This is an enhancement request for the new ssl socket support in APR. It would be desirable to have the ability to create ssl sockets that are wrapped around pre-existing tcp sockets. I am attaching a patch that I believe has everything that is required.
Created attachment 20599 [details] Adds ability to wrap ssl around pre-existing sockets
Just some cosmetics: why doesn't the declaration of the apr_ssl_socket_create_wrapper function have names for it's parameters? The Doxygen comments have the names, but I don't think all IDEs parse Doxygen. Having the names in the declaration may help programmers with IDEs which can autocomplete and show tooltips with the function signature. return APR_ENOMEM instead of ENOMEM (even though currently they are defined to be the same, it's safer/clearer). don't return "-1", apr_strerror doesn't understand it and it's ugly, just return the error you got in "if (apu_ssl_socket_create(sslSock, asf) != APR_SUCCESS)". the coding standard mandates using '_' to separate words in variable and function names. "ownSocket => own_socket"?

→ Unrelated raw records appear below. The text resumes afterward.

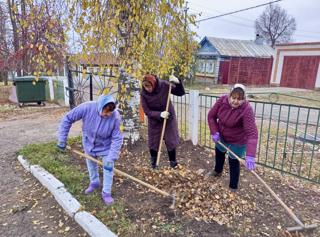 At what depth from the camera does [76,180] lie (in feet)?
11.0

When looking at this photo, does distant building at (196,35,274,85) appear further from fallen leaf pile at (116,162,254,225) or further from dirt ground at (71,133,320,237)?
fallen leaf pile at (116,162,254,225)

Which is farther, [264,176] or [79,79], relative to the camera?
[79,79]

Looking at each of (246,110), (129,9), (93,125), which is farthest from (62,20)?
(246,110)

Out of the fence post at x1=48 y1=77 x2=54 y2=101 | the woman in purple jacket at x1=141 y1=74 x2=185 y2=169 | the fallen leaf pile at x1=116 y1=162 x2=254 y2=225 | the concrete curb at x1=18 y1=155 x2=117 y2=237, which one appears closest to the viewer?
the concrete curb at x1=18 y1=155 x2=117 y2=237

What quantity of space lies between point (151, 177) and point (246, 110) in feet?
4.66

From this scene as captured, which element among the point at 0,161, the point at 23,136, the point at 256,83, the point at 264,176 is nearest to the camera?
the point at 264,176

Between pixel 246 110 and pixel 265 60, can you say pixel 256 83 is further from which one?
pixel 246 110

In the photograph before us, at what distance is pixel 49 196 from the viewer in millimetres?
3131

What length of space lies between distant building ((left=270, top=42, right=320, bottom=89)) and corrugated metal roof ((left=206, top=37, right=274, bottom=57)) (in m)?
3.41

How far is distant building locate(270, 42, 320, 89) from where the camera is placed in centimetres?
1955

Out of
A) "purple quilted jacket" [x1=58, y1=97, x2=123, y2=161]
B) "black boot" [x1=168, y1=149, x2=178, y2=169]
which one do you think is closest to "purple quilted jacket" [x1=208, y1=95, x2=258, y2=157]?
"black boot" [x1=168, y1=149, x2=178, y2=169]

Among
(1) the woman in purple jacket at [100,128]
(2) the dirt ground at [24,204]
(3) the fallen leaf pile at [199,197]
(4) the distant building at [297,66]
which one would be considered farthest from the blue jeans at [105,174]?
(4) the distant building at [297,66]

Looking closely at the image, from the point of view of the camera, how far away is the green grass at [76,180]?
8.36 ft

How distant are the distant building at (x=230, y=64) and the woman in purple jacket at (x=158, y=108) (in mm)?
19791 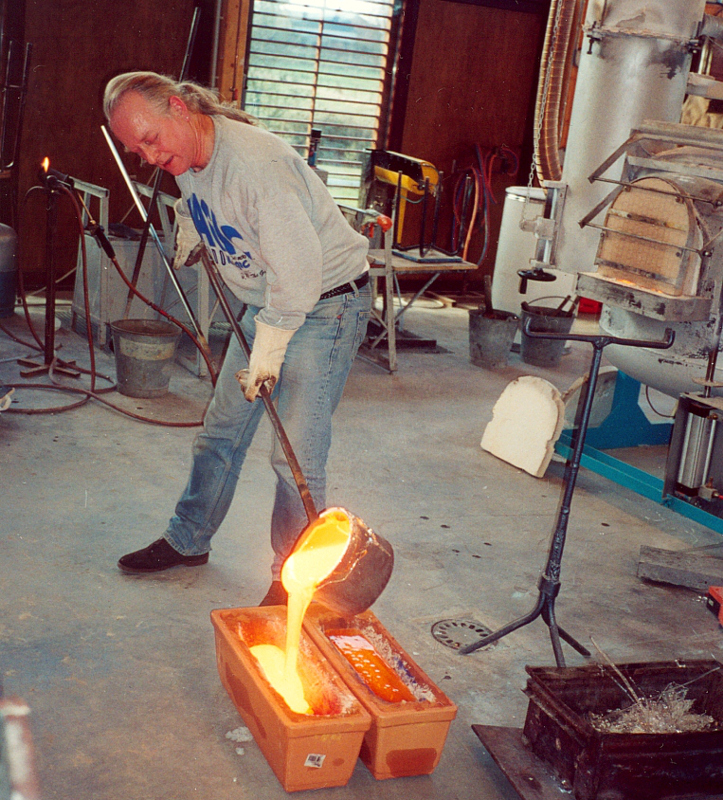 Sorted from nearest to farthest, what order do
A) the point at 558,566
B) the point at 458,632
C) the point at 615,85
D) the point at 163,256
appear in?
the point at 558,566
the point at 458,632
the point at 163,256
the point at 615,85

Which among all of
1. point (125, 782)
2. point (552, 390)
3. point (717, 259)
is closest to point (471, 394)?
point (552, 390)

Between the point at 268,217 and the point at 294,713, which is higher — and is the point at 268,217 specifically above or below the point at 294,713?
above

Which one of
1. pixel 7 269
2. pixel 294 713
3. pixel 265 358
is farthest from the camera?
pixel 7 269

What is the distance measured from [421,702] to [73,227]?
17.5 feet

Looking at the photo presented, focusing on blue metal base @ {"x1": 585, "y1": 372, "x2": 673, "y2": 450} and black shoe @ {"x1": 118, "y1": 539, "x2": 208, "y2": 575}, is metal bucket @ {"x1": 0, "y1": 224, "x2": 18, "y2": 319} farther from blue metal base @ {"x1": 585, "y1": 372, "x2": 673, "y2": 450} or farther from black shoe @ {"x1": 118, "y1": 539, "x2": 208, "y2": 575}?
blue metal base @ {"x1": 585, "y1": 372, "x2": 673, "y2": 450}

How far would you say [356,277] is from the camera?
8.90 ft

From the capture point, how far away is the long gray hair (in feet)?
7.85

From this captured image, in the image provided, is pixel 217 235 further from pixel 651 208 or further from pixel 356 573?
pixel 651 208

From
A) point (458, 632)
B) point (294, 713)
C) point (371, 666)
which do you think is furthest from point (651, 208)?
point (294, 713)

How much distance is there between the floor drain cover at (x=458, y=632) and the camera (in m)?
2.94

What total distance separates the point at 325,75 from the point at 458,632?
5.42 m

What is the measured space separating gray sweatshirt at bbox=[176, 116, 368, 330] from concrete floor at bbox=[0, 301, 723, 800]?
1030 millimetres

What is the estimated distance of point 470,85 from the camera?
8000 millimetres

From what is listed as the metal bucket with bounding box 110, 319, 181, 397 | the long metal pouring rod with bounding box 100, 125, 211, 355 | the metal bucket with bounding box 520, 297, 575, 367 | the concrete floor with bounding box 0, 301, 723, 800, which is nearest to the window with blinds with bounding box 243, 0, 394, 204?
the metal bucket with bounding box 520, 297, 575, 367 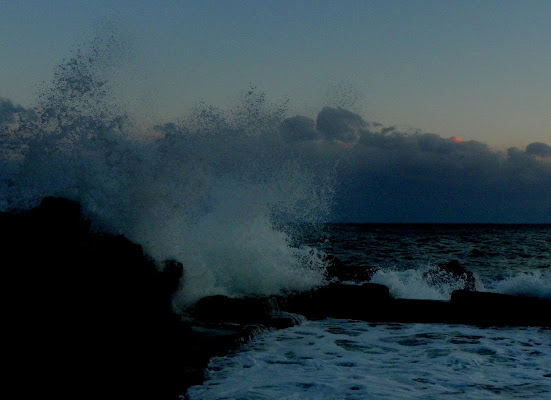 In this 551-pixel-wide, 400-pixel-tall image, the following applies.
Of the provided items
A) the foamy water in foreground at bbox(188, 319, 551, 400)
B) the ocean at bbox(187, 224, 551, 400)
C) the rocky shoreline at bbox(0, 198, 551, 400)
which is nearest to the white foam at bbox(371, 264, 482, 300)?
the ocean at bbox(187, 224, 551, 400)

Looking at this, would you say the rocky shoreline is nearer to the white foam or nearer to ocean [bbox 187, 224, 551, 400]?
ocean [bbox 187, 224, 551, 400]

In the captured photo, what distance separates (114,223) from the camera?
716 cm

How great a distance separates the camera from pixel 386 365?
575 cm

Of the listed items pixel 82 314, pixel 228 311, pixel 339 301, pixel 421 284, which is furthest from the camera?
pixel 421 284

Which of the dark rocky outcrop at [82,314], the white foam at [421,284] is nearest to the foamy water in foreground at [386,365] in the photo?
the dark rocky outcrop at [82,314]

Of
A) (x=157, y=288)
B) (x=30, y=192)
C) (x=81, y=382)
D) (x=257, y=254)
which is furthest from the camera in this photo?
(x=257, y=254)

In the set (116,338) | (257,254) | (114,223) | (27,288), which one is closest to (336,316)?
(257,254)

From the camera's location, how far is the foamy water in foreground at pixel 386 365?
4.72m

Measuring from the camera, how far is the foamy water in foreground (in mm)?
4719

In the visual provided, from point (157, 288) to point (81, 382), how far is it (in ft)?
5.28

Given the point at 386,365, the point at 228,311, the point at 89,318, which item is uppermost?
the point at 89,318

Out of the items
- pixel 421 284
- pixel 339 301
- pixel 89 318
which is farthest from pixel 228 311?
pixel 421 284

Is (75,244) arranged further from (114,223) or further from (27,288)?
(114,223)

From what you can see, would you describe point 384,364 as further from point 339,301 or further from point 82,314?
point 339,301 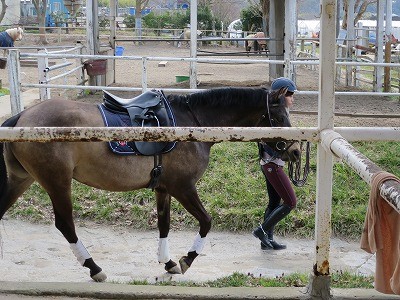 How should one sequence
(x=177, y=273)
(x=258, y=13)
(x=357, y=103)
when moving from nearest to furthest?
(x=177, y=273)
(x=357, y=103)
(x=258, y=13)

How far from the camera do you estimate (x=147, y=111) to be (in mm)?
6012

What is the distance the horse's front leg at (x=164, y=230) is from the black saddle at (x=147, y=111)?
51cm

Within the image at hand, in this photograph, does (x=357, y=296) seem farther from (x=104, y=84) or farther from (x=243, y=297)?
(x=104, y=84)

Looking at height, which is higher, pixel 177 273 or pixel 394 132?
pixel 394 132

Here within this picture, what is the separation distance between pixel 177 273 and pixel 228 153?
127 inches

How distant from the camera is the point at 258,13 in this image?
1336 inches

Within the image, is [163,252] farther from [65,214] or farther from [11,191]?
[11,191]

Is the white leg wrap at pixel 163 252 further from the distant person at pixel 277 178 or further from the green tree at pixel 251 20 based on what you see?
the green tree at pixel 251 20

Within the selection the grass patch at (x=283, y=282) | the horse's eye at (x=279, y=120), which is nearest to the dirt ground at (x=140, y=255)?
the grass patch at (x=283, y=282)

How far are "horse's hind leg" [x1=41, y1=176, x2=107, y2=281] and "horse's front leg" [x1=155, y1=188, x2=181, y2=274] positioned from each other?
60 cm

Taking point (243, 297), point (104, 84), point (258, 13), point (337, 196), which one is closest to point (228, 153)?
point (337, 196)

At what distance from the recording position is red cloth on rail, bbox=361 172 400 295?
2662mm

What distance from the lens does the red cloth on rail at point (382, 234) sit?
266 cm

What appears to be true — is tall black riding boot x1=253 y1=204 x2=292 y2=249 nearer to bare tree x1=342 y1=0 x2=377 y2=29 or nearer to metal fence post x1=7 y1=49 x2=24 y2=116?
metal fence post x1=7 y1=49 x2=24 y2=116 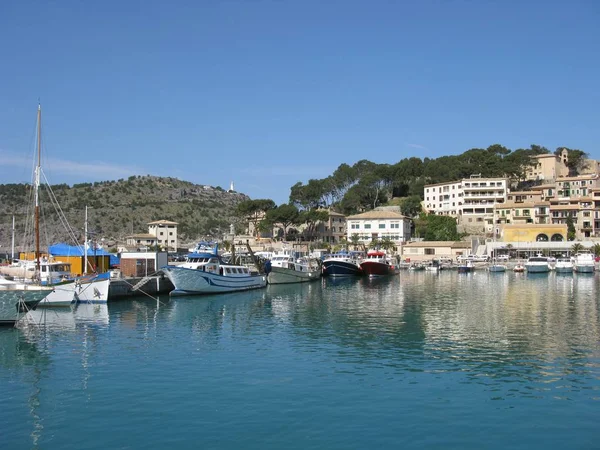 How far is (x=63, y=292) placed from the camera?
38969mm

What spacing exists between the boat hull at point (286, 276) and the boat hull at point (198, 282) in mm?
9342

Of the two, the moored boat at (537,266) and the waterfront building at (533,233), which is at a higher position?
the waterfront building at (533,233)

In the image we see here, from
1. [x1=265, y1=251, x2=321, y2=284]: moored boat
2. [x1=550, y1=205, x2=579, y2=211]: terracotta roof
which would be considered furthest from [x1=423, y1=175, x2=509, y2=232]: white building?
[x1=265, y1=251, x2=321, y2=284]: moored boat

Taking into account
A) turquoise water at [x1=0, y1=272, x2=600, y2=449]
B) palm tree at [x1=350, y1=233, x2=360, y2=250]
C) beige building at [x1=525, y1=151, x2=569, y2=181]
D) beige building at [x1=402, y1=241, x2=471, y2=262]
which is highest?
beige building at [x1=525, y1=151, x2=569, y2=181]

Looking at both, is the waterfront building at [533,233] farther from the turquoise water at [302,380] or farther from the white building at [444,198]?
the turquoise water at [302,380]

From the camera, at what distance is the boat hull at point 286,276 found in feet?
209

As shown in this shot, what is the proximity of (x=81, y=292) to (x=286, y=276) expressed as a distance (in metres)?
28.2

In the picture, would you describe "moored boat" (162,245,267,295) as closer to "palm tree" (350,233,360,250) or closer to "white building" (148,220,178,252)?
"palm tree" (350,233,360,250)

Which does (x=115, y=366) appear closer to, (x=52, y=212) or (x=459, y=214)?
(x=459, y=214)

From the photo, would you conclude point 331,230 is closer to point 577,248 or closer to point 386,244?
point 386,244

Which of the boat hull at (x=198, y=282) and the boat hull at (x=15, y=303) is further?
the boat hull at (x=198, y=282)

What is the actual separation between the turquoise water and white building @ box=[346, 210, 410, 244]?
7441 centimetres

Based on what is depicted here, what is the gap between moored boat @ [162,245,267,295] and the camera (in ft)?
157

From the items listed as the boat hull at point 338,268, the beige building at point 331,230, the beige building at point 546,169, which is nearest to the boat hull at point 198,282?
the boat hull at point 338,268
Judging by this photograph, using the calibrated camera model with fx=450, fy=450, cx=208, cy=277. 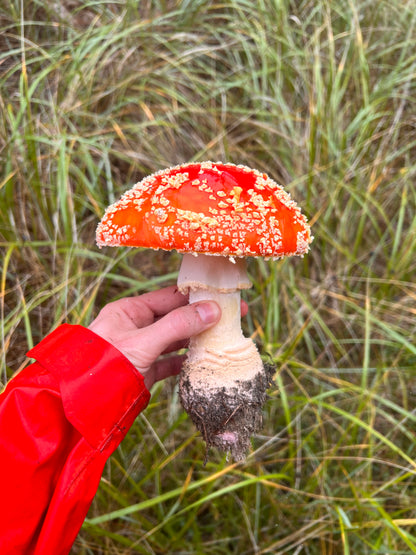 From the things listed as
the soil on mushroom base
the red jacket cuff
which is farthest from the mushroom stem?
the red jacket cuff

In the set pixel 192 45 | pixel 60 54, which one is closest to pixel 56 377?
pixel 60 54


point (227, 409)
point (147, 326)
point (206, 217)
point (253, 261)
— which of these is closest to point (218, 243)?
point (206, 217)

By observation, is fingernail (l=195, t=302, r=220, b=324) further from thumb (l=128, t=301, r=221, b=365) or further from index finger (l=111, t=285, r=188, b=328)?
index finger (l=111, t=285, r=188, b=328)

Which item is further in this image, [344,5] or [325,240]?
[344,5]

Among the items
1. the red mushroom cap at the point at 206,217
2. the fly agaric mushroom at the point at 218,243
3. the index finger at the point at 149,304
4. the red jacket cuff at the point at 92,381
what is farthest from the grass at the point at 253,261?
the red mushroom cap at the point at 206,217

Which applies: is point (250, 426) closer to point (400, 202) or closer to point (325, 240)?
point (325, 240)

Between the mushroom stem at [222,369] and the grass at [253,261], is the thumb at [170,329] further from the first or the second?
the grass at [253,261] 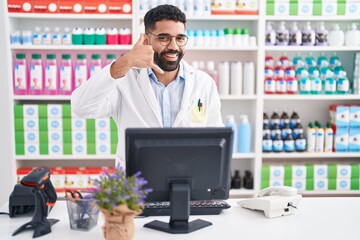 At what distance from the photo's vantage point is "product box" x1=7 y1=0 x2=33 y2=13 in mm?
3855

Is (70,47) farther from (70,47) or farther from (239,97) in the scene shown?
(239,97)

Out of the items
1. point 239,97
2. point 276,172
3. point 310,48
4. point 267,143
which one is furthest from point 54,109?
point 310,48

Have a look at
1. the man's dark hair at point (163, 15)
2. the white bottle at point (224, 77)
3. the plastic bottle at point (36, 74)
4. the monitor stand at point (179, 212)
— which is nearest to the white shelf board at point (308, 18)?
the white bottle at point (224, 77)

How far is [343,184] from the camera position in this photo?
4.21 metres

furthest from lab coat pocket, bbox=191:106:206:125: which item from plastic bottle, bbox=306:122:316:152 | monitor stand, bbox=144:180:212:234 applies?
plastic bottle, bbox=306:122:316:152

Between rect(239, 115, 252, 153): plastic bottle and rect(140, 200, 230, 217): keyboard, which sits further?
rect(239, 115, 252, 153): plastic bottle

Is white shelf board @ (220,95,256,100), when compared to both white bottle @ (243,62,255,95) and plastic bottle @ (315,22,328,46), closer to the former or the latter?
white bottle @ (243,62,255,95)

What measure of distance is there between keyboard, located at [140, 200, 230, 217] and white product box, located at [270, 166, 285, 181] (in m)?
1.98

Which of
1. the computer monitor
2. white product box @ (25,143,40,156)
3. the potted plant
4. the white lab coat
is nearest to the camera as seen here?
the potted plant

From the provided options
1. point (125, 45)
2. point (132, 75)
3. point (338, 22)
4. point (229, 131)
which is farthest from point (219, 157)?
point (338, 22)

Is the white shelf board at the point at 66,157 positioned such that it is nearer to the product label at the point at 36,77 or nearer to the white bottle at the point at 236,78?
the product label at the point at 36,77

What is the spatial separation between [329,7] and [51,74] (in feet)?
7.49

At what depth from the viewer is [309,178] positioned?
4.19 metres

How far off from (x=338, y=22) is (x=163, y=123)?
7.86ft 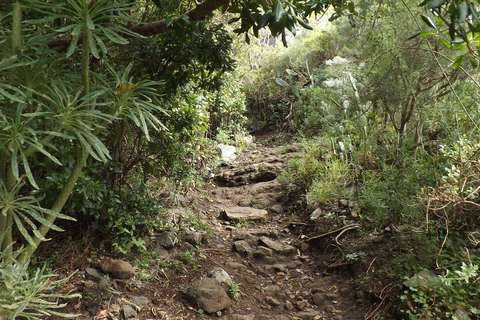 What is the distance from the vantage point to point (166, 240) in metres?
3.88

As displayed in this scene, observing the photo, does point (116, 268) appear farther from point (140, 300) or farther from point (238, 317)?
point (238, 317)

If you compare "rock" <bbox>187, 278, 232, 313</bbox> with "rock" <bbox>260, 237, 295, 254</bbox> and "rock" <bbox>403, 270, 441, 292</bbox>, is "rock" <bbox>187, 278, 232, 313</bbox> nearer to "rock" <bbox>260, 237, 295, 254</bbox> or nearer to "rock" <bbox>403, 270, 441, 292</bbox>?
"rock" <bbox>260, 237, 295, 254</bbox>

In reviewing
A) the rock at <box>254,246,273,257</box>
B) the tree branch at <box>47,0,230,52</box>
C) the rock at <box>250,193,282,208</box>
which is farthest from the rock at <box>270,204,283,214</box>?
the tree branch at <box>47,0,230,52</box>

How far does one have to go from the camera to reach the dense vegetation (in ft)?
5.38

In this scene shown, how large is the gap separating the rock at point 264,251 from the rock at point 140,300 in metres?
1.58

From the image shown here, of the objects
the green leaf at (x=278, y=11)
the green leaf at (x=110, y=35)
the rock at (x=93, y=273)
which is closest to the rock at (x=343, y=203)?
the rock at (x=93, y=273)

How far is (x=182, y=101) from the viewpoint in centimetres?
466

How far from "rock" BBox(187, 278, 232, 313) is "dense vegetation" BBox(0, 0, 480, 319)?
2.41 ft

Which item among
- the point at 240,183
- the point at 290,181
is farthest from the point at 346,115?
the point at 240,183

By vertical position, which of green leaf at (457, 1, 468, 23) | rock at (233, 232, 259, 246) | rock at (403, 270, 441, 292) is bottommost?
rock at (233, 232, 259, 246)

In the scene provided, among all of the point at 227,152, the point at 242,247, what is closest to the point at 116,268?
the point at 242,247

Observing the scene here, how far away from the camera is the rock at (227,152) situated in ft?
25.8

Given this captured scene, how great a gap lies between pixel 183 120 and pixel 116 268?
5.62 feet

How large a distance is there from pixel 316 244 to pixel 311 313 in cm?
131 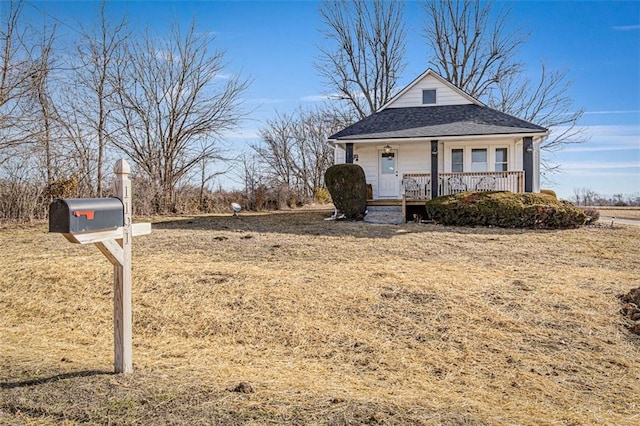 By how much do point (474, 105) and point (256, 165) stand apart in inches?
487

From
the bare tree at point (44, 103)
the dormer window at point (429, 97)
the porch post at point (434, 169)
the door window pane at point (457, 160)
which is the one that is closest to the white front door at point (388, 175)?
the porch post at point (434, 169)

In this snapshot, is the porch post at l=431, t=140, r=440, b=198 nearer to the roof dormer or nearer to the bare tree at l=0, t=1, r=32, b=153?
the roof dormer

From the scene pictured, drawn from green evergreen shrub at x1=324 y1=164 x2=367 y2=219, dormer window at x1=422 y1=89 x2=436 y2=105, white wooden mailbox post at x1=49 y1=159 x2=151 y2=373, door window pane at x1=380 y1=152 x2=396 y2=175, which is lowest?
white wooden mailbox post at x1=49 y1=159 x2=151 y2=373

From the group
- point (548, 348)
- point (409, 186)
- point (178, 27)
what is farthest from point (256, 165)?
point (548, 348)

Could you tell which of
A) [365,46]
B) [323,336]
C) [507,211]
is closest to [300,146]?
[365,46]

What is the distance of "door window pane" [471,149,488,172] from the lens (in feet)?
53.2

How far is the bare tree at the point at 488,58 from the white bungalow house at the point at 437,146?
10.5 meters

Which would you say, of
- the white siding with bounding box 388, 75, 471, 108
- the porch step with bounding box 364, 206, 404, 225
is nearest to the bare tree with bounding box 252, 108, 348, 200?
the white siding with bounding box 388, 75, 471, 108

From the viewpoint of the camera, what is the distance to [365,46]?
2669 cm

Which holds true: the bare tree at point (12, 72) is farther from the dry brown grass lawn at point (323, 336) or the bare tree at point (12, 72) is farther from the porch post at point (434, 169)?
the porch post at point (434, 169)

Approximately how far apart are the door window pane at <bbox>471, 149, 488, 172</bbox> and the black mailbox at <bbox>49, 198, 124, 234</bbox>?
49.5 feet

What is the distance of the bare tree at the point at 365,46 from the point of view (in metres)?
26.4

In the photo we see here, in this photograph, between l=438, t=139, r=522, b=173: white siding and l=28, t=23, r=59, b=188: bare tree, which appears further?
l=438, t=139, r=522, b=173: white siding

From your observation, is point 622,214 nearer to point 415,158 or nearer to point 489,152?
point 489,152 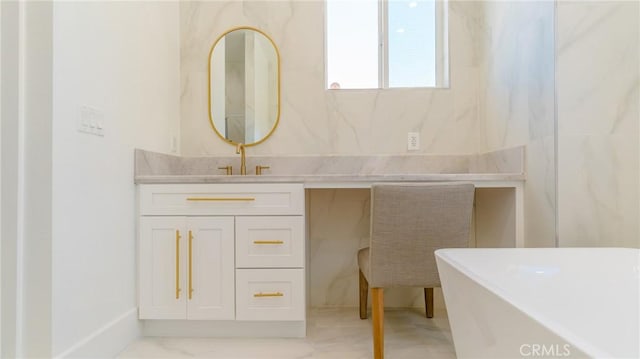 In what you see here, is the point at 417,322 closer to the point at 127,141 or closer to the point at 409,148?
the point at 409,148

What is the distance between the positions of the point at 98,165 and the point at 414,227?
4.40ft

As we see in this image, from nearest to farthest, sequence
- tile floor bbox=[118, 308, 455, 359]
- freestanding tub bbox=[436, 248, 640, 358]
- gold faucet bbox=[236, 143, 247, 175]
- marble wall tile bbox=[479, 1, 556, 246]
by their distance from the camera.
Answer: freestanding tub bbox=[436, 248, 640, 358] < marble wall tile bbox=[479, 1, 556, 246] < tile floor bbox=[118, 308, 455, 359] < gold faucet bbox=[236, 143, 247, 175]

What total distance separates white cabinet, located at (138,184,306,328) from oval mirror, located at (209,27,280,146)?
2.18ft

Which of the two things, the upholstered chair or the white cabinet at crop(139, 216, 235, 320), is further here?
the white cabinet at crop(139, 216, 235, 320)

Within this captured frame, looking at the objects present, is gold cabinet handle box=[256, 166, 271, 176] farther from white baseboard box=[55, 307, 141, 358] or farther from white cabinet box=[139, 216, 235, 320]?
white baseboard box=[55, 307, 141, 358]

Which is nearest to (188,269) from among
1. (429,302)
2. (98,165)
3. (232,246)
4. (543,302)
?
(232,246)

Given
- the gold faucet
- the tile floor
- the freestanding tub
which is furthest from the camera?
the gold faucet

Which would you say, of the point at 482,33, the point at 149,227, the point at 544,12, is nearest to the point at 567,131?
the point at 544,12

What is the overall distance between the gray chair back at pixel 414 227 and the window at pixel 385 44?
1.09 metres

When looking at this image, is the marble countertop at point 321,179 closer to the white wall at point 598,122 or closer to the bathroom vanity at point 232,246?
the bathroom vanity at point 232,246

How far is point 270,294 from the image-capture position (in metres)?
1.52

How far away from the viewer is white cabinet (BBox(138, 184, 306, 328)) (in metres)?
1.52

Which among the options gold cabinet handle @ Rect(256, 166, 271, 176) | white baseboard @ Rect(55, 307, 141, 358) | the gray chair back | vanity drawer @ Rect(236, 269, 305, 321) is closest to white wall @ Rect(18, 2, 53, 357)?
white baseboard @ Rect(55, 307, 141, 358)

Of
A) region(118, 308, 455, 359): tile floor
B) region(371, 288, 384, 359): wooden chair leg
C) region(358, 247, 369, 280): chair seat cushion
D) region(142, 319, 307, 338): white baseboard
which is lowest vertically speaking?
region(118, 308, 455, 359): tile floor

(In reply to comment #2) > Just some cosmetics: > > why doesn't the declaration of the apr_ssl_socket_create_wrapper function have > names for it's parameters? The Doxygen comments have the names, but I don't > think all IDEs parse Doxygen. Having the names in the declaration may help > programmers with IDEs which can autocomplete and show tooltips with the function > signature. > > return APR_ENOMEM instead of ENOMEM (even though currently they are defined to > be the same, it's safer/clearer). > > don't return "-1", apr_strerror doesn't understand it and it's ugly, just return > the error you got in "if (apu_ssl_socket_create(sslSock, asf) != APR_SUCCESS)". > > the coding standard mandates using '_' to separate words in variable and > function names. "ownSocket => own_socket"? I was following the conventions used in the files that I was editing. I can update my patch, but the changes should probably be made across the board. Perhaps there are other files outside of the ssl package that have these issues as well?
Just checking on this issue - haven't seen any activity. Are there any plans for implementing this in a future release? A patch is attached, so it should be pretty easy to roll in. Thanks, Nate
We are still certainly accepting proposed changes to 1.3.0, thanks for the patch!